On 7-Feb-2007, at 22:02, Bill Cole wrote:
At 6:19 PM -0800 2/7/07, Christopher Bort imposed structure on a
stream of electrons, yielding:
If you're only running 'internet' services (mail, web, ftp), then
you are
absolutely correct. OS X Server is not worth the premium price. It
_is_
worth it, however, if you are in an environment where you need the
other
services included with Server (file services, 'collaboration'
services,
etc.) and you need them to be integrated through Open Directory.
The one thing I am considering shelling out for is just that.

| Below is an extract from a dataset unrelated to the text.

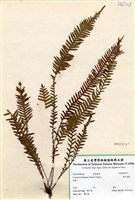 藏品(密毛蒿蕨)的圖片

Putting together a small network of machines for a small number of
users gets to be a nuisance fast, particularly if you have users
who want the sort of behavior they've had in enterprise-scale
Novell, Windows, and Solaris environments: one account, same user
experience no matter where they log in, etc.
The main reasons I've considered getting OSXS is network $HOME
directories. As I understand it, theoretically possible with OS X,
but a huge pain.
Top of my list of cool projects I would do with my next bit of free
time (um, yeah, right) is to replicate that without the $500 price
tag for Server. All the parts are there in the open Darwin tree
except for the pretty GUI's and the widgetry they talk to.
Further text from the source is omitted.